The September CPI will be the latest test of whether inflation will continue to ease as the Federal Reserve debates its next interest rate decision.
The report, due at 3:30 p.m. ET on Thursday, is expected to show annual inflation at 2.3%, a slowdown from August’s 2.5% annual increase, the lowest since early 2021. On a monthly basis, prices are expected to have risen 0.1%, compared with a 0.2% increase in August, according to Investing Saudi Arabia data.
On a core price basis, which excludes more volatile food and gas costs, prices are expected to rise 3.2% year-on-year in September, the same as in August. Economists expect the monthly increase in core prices to slow slightly, estimating a 0.2% gain from August’s 0.3% increase, according to Investing Saudi Arabia data.
The Federal Reserve Turns Attention to the Labor Market
Although inflation is slowing, it is still above the Federal Reserve's target of 2% on an annualized basis.
However, the Fed has recently turned its attention to the state of the labor market, which has shown unexpected resilience in the face of higher interest rates.
Data released by the Bureau of Labor Statistics on Friday showed the labor market added 254,000 jobs in September, a gain that exceeded economists' expectations of 150,000 jobs, while the unemployment rate fell to 4.1% from 4.2%.
The strong report has changed expectations for the path of interest rates, with the market now expecting a smaller 25 basis point cut in November rather than a larger 50 basis point cut.
“We think the Fed will find it difficult not to cut at all in November,” Veronica Clark, an economist at Citi, wrote in a note to clients on Monday. “We expect moderate inflation to persist and weaker labor market trends to return in the coming months, prompting officials to cut rates by 50 basis points in December after a smaller 25 basis point cut in November.”
Inflation and potential market volatility
However, a strong CPI reading could worry markets.
“Good news will be good for stocks as long as inflation doesn’t pick up again,” Oh-sung Kwon, equity strategist at Bank of America, wrote on Monday. “After last Friday’s strong jobs report, we think the importance of this week’s CPI has increased.”
He added, warning: While stocks should be able to withstand a slight surprise in higher inflation given improving economic data, a big surprise could lead to uncertainty about the easing cycle and increased market volatility.
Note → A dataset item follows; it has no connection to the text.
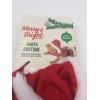 Merry & Bright Santa Reptile Costume For Bearded Dragons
Inflation in the housing and basic services sector
Core inflation remains significantly high due to rising costs of housing and basic services such as insurance and health care.
Veronica Clarke of Citi said: “We see some risk of strong inflation in large components such as homeowners’ equivalent rent compared to our expectations. Homeowners’ equivalent rent is the hypothetical rent that a homeowner would pay on the same property.
Bank of America (NYSE:BAC) added that continued inflation in rents and increases in the prices of out-of-home accommodations, used cars, and airline tickets could translate into a stronger core CPI reading in September on a monthly basis, after the latter two categories saw prices decline in August.
“While we expect core CPI to be stronger than the recent September reading, our forecast does not change our medium-term view of further disinflation,” wrote economists Stephen Juneau and Jisoo Park at Bank of America in a review of the data. They noted that a cooler labor market coupled with stabilizing inflation expectations should keep inflation on a disinflationary trajectory.
However, the duo added some potential risks, including East Coast port strikes, higher oil prices, and higher shipping costs. “We believe these risks will contribute to a more gradual decline in inflation than we currently expect,” they said.